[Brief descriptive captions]
>>
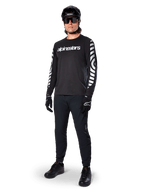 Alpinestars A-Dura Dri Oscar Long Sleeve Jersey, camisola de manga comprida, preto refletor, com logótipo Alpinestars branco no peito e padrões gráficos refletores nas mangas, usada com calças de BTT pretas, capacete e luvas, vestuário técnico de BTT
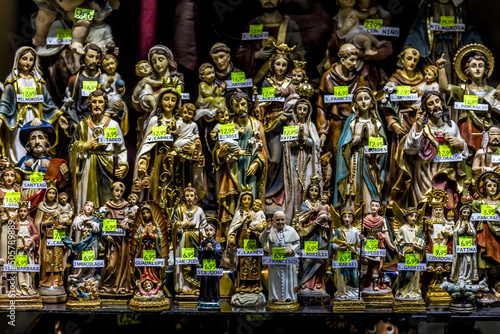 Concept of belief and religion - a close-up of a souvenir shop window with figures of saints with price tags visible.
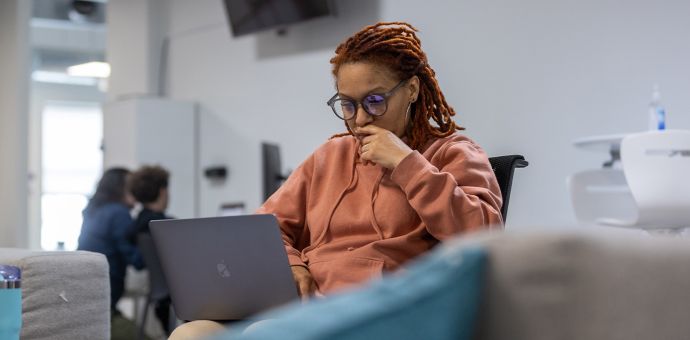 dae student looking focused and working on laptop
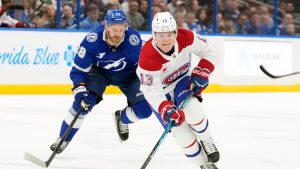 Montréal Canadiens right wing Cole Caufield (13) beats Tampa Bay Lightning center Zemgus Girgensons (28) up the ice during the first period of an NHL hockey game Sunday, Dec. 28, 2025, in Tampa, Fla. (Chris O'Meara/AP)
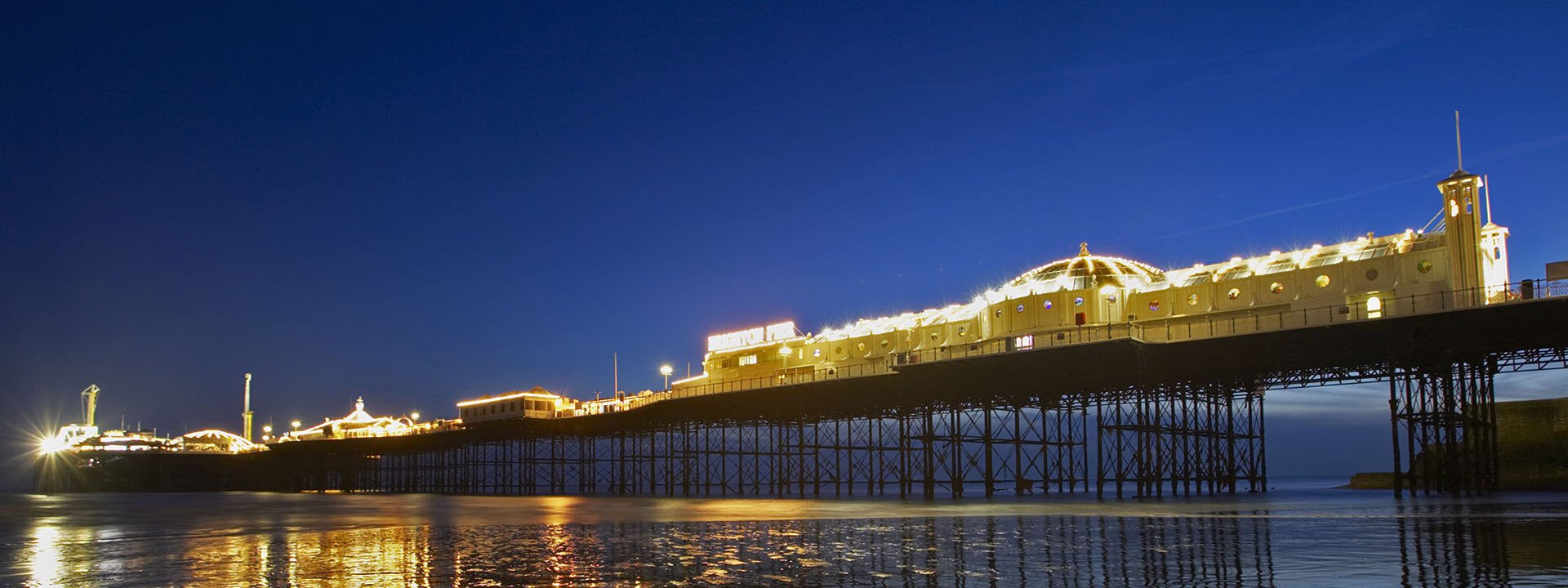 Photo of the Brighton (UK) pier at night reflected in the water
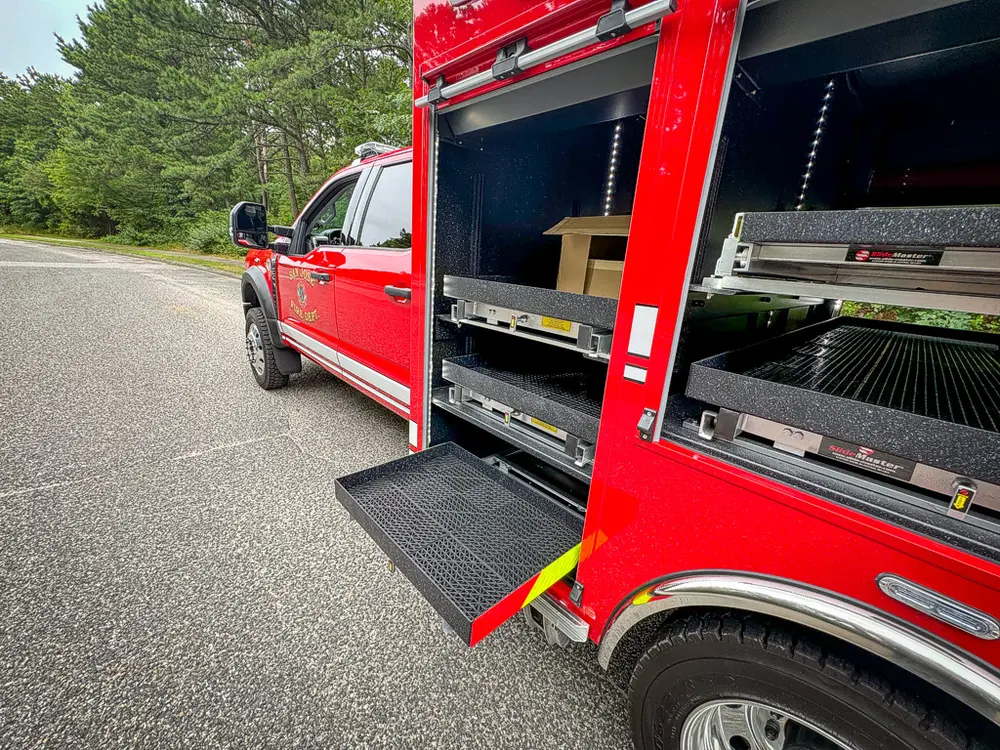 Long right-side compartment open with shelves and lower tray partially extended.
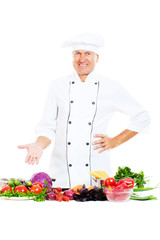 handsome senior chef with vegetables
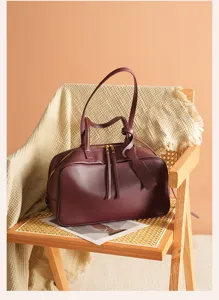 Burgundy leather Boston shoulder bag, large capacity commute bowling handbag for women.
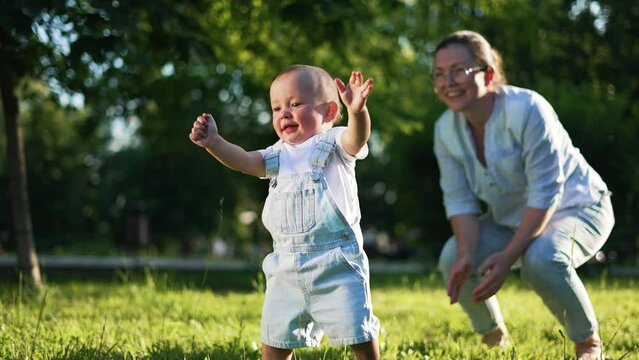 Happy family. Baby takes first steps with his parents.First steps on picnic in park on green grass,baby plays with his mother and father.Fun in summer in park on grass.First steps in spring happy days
<<
>>
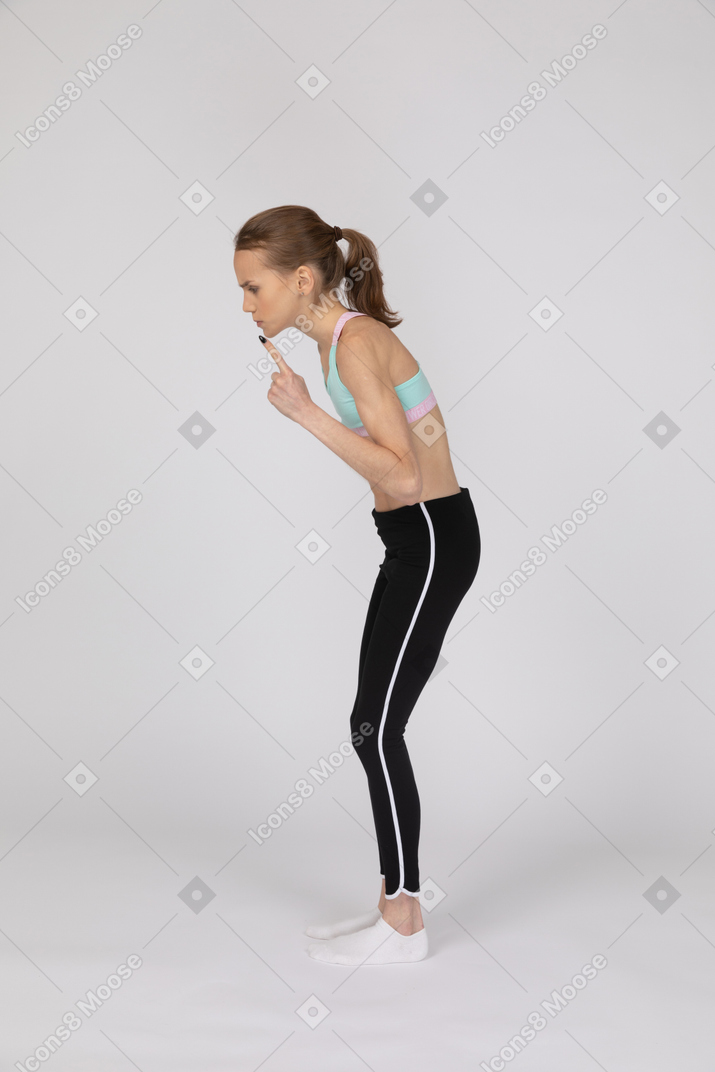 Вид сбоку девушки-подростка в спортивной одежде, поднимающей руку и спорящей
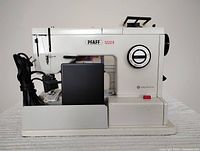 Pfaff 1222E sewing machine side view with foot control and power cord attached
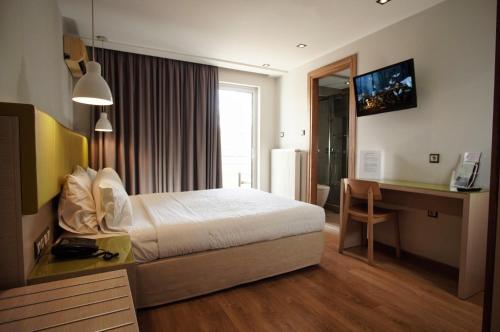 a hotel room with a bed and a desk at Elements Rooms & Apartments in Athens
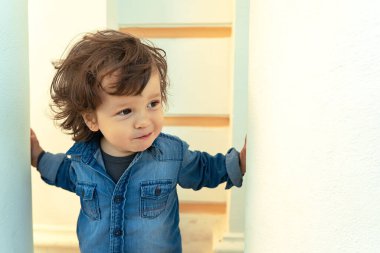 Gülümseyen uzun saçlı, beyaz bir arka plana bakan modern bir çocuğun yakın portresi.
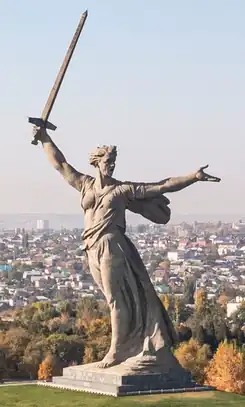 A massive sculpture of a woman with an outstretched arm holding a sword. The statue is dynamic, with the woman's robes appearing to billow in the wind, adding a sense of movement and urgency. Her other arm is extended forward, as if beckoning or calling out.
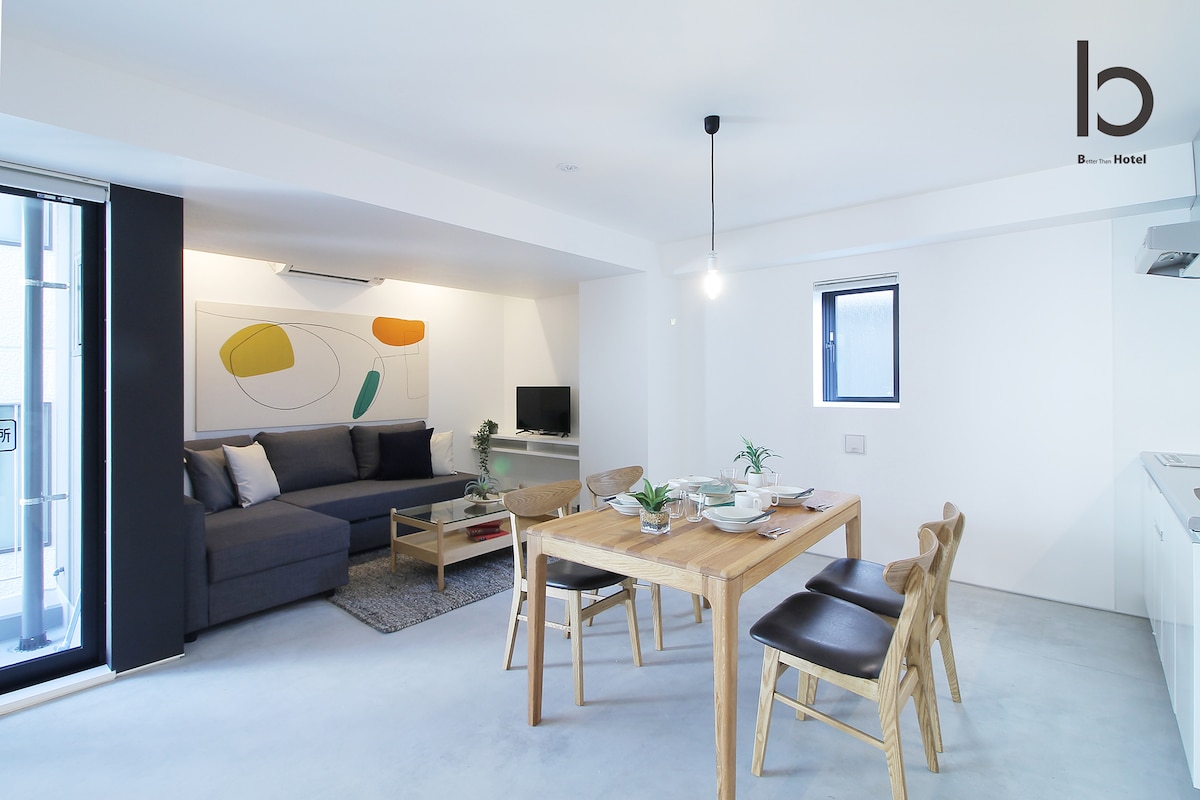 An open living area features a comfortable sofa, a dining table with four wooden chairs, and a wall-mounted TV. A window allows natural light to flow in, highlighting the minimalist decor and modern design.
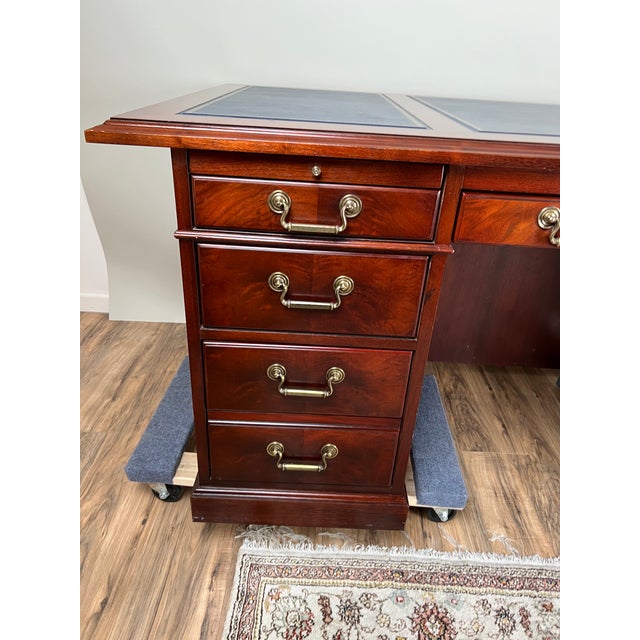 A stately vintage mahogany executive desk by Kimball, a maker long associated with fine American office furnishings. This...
<<
● **What the task requires**:
Leave out the images and write out the lines above exactly, from the one with "Burgundy leather Boston" up to and including the one with "Happy family. Baby".

● **Output below**:
 Burgundy leather Boston shoulder bag, large capacity commute bowling handbag for women.
 Happy family. Baby takes first steps with his parents.First steps on picnic in park on green grass,baby plays with his mother and father.Fun in summer in park on grass.First steps in spring happy days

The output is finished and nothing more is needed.